§ **To do**
Would you reproduce exactly, and only, the lines starting at the one with "Milwaukee M18 PACKOUT" and ending at the last line of the data, with both included? Leave the pictures out.
[Opening Information provided section]
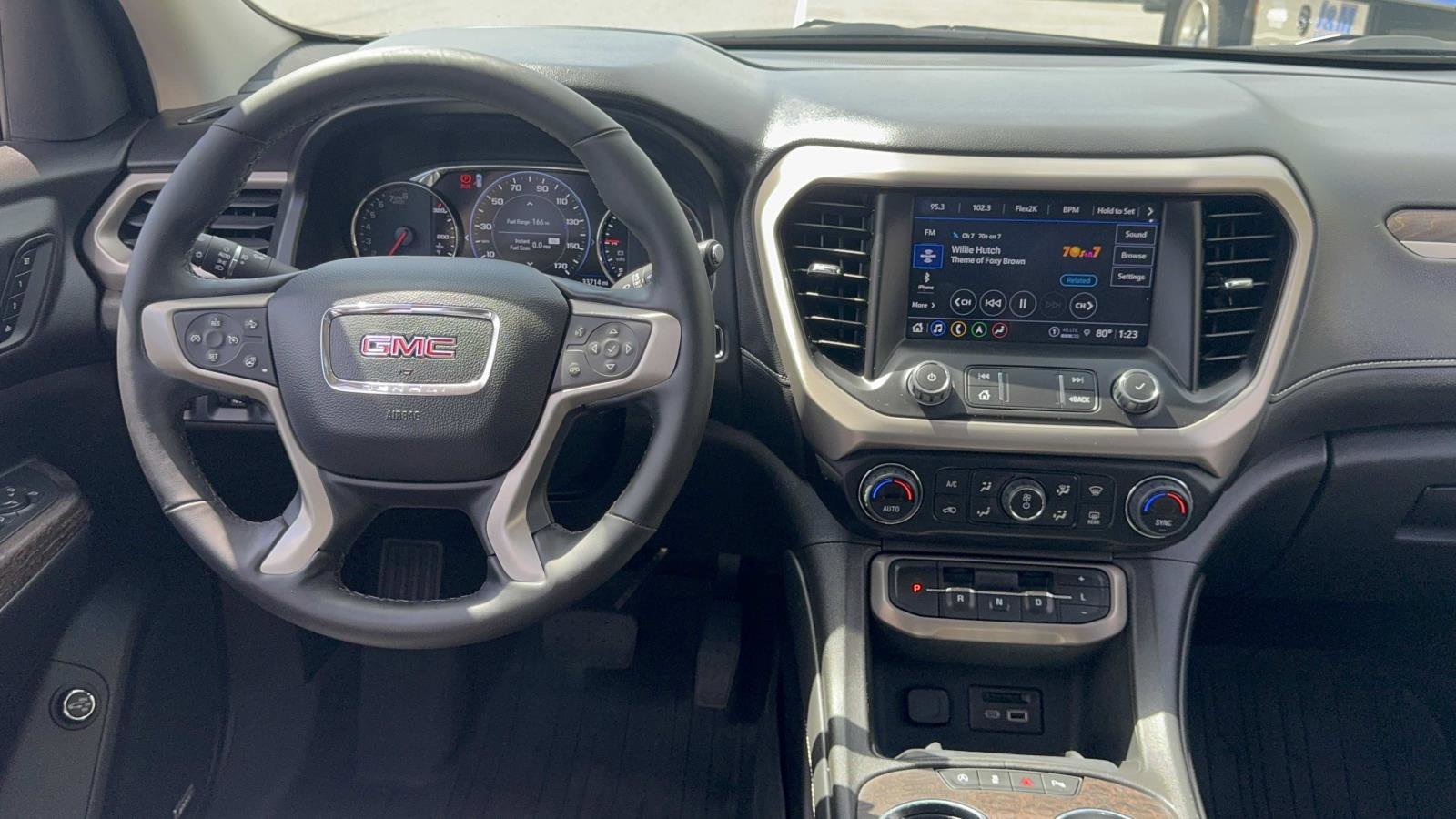 Used 2023 GMC Acadia Denali w/ Denali Technology Package image 13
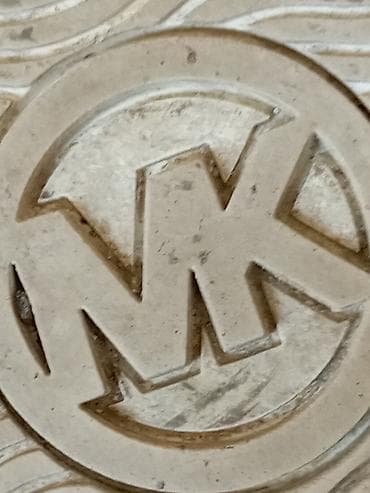 MK patike u odličnom stanju 1000 at lalafo.rs — 9 MK patike u odličnom stanju 1000 — 9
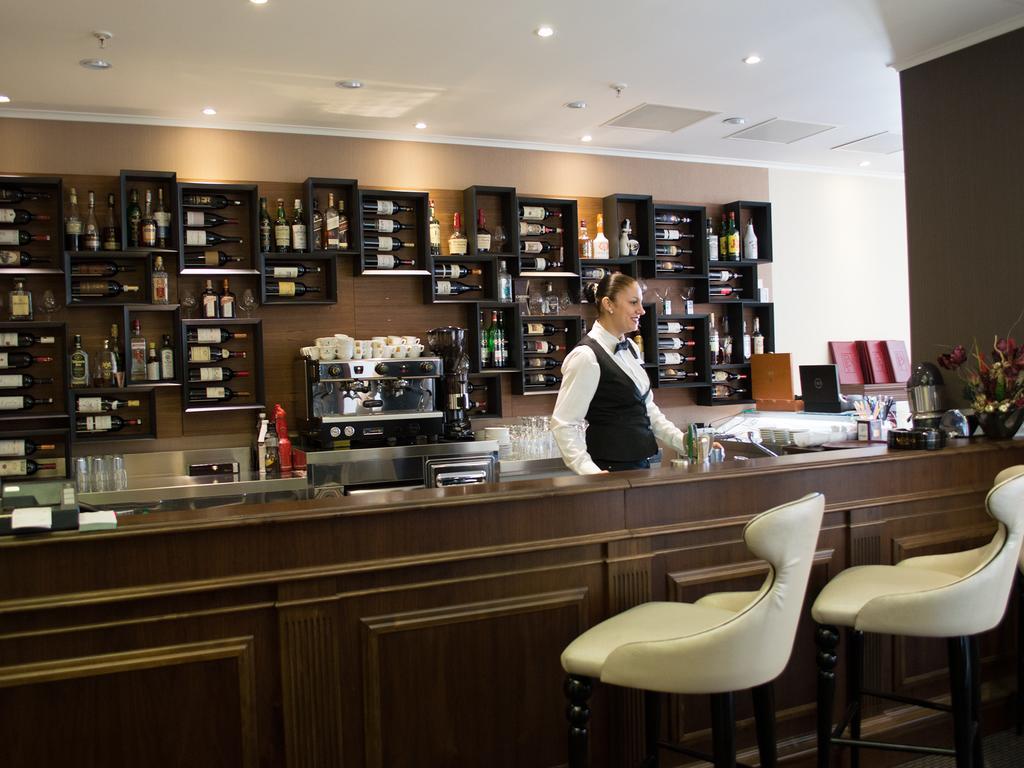 Premier Palace Spa Hotel Βουκουρέστι Εξωτερικό φωτογραφία A bar in a hotel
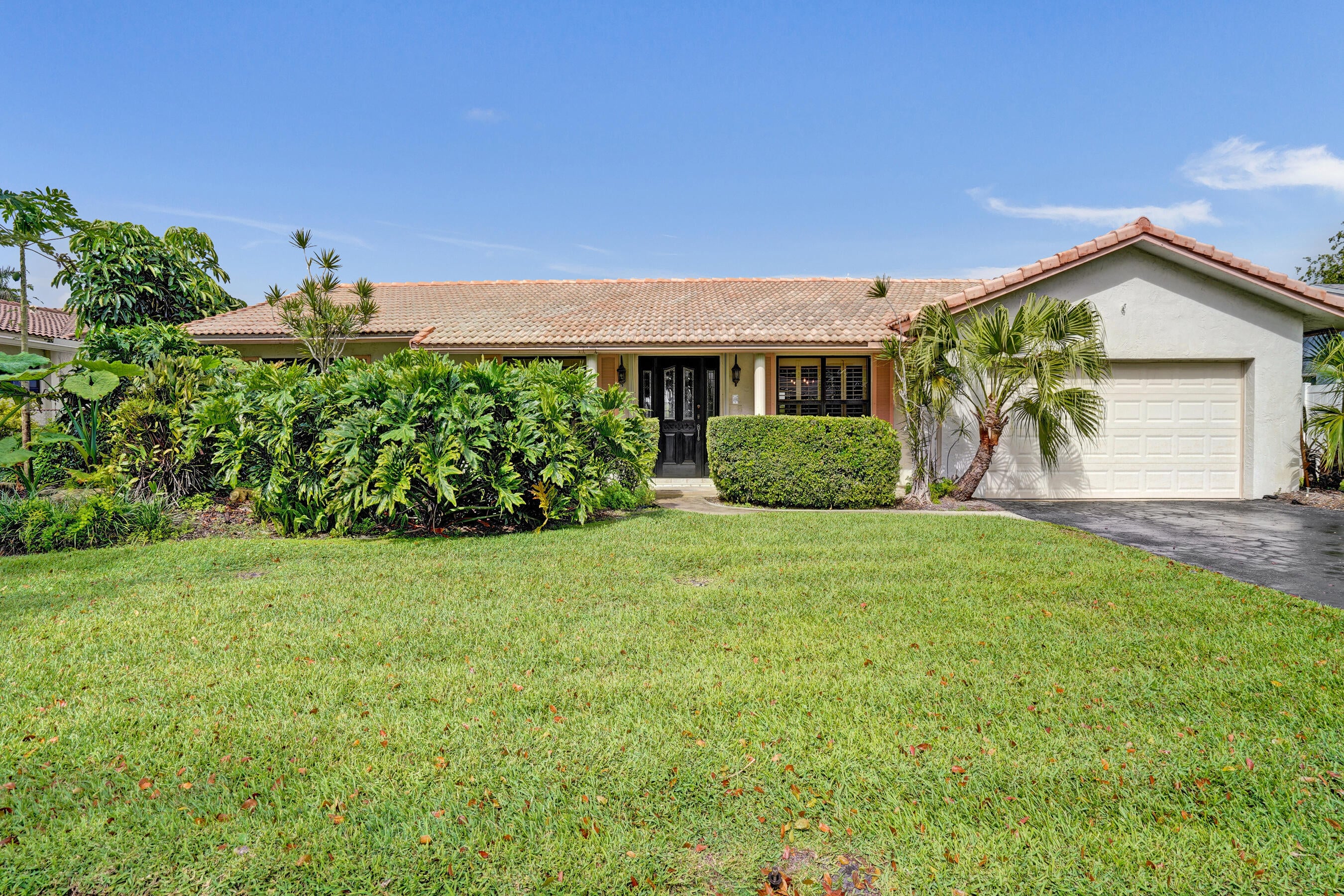 4BR – SingleFamilyResidence at 1721 SW 69th Avenue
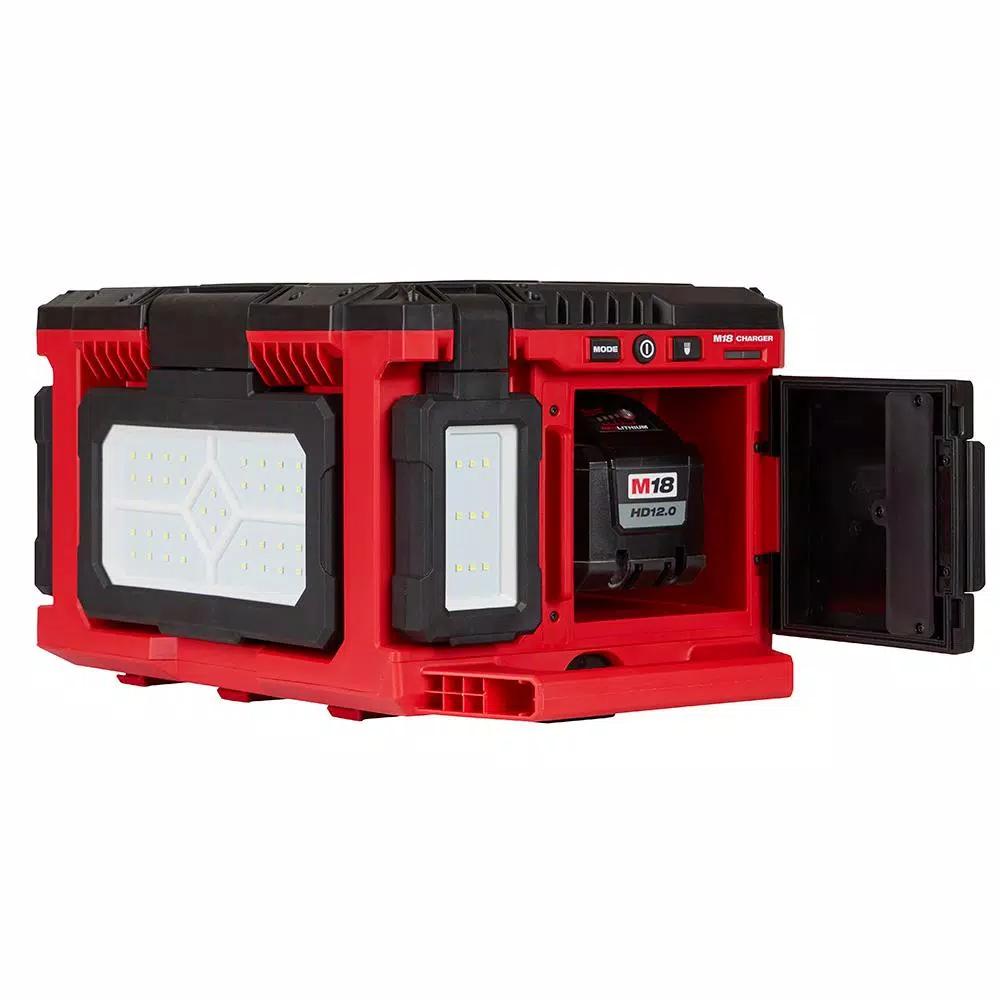 Milwaukee M18 PACKOUT 3000 Lumens LED Light with Built-In Charger
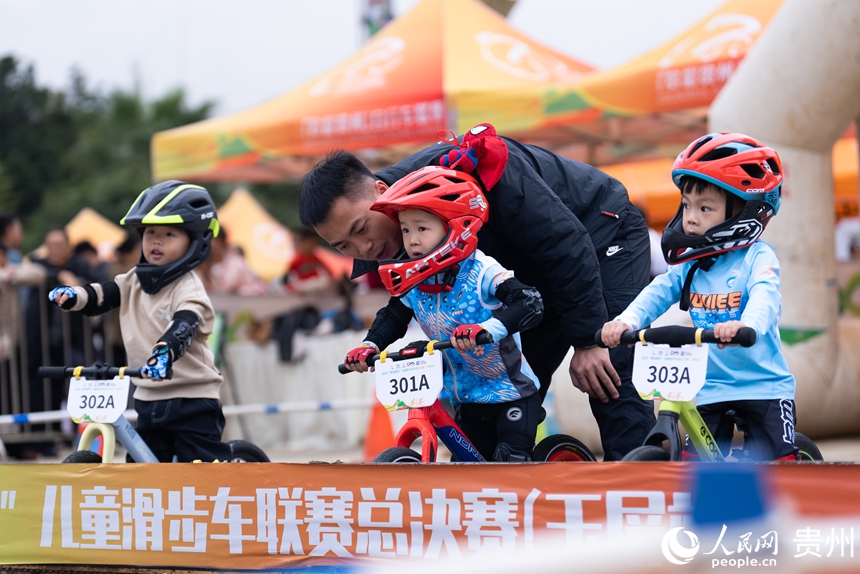 兒童滑步車項目比賽現場，教練在賽前與參賽小朋友溝通比賽注意事項。人民網記者 涂敏攝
[Closing Information provided section]
§ **Result of this task**
 Milwaukee M18 PACKOUT 3000 Lumens LED Light with Built-In Charger
 兒童滑步車項目比賽現場，教練在賽前與參賽小朋友溝通比賽注意事項。人民網記者 涂敏攝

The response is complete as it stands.